In the thirteenth century, the county of Porhoet, in which Josselin was situated, passed to the house of Fougères, and its affairs were varied and involved until Peter of Valois, Count of Alençon, sold it to the Constable Oliver of Clisson, whose daughter brought it in marriage to the Rohans, to whose descendants it still belongs.

In the Church of Our Lady of the Blackberry-bush is a remarkable tomb placed in the Chapel of St. Marguerite—the former oratory of the constable—to Oliver of Clisson and Marguerite of Rohan.

The castle rests on a rocky foundation beside the river Oust, and its front is most imposing. Three towers with conical roofs flank the riverside, and are an expression of the best fortress-château building of its era (twelfth century), severe and gaunt in every line, and yet beautifully planned. The interior court takes on quite a different aspect, that of the “architecture civile” of the third ogival period, when Renaissance forms and details had crept in, almost destroying Gothic lines.

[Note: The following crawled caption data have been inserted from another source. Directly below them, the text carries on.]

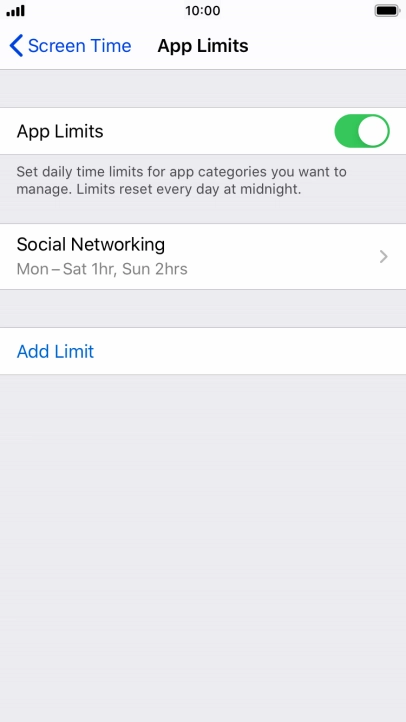 Press the required category.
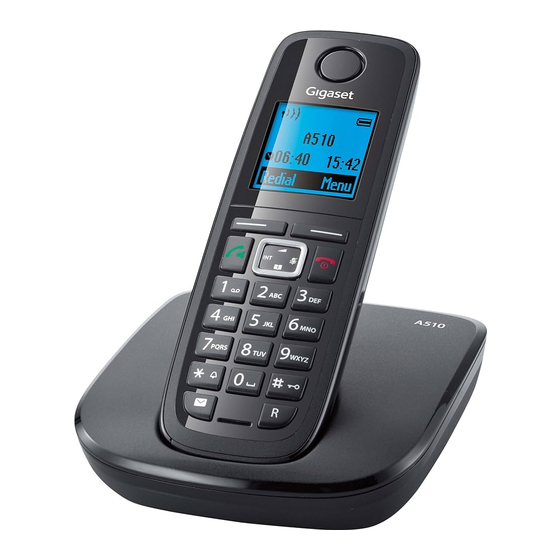 Gigaset A510 User Manual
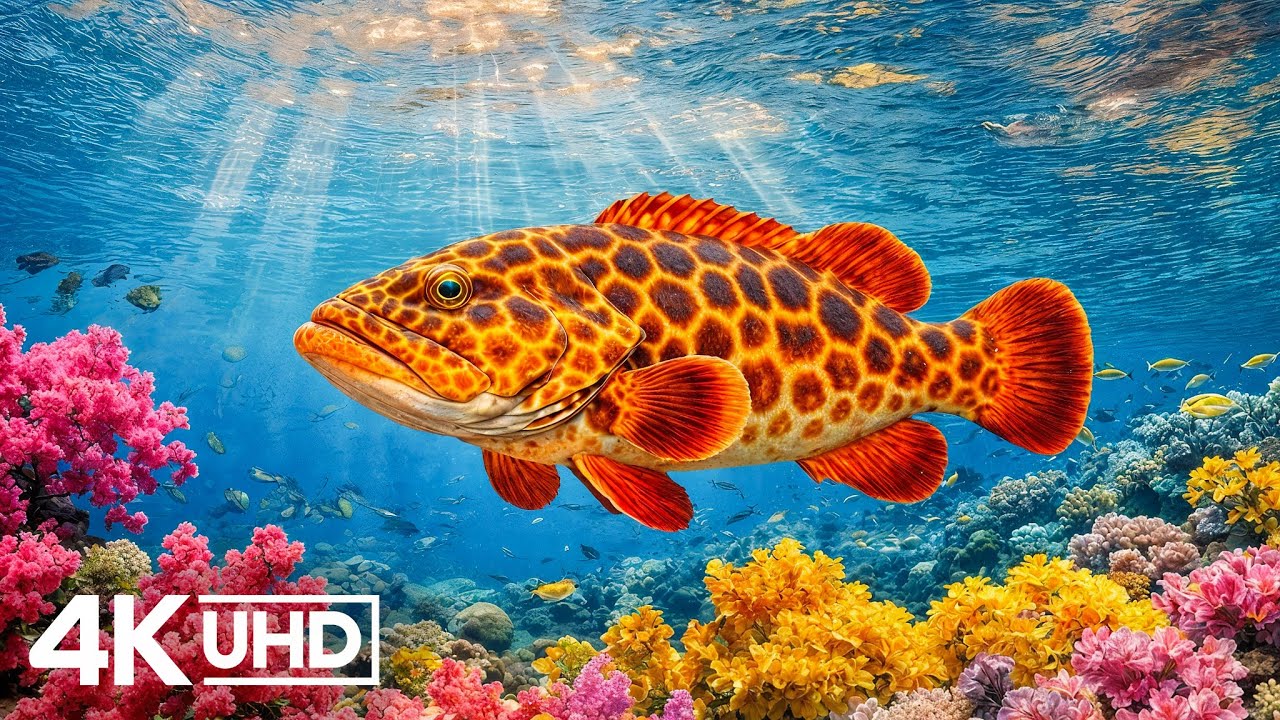 Лучшее 4K-видео с океаном для релаксации 🐠 Прекрасная морская жизнь 🐠 Спокойная музыка с океано...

The window openings of the two stories have an admirable decorative effect, as beautiful as those of Blois and very nearly equalling those of Chambord.

An open gallery above the windows is a charming additional interpolation, and between each window is carved “A Plus,” the device of the distinguished family of the Rohans, who built this part of the structure. A keep and some later walls and parapets were added by Clisson somewhere about the year 1400, but most of them disappeared in 1629, when the château ceased to be a stronghold of the League.

In the main it is a twelfth and thirteenth century structure which is so admirably preserved to-day. One may visit the interior, through the courtesy of the family in residence, and, though it may be somewhat disconcerting to walk through these historic apartments of another day and see such modern innovations as electric bells and other appurtenances of a late civilization, the experience is, after all, a peep behind the curtain, and this the up-to-date motor-car tourist always appreciates highly.

The great hall, the library, with its magnificent chimneypiece and its cipher, “A Plus,” carved in stone, and the dining-room ornamented with a modern equestrian statue of Clisson, by Fremiet, are the chief apartments shown.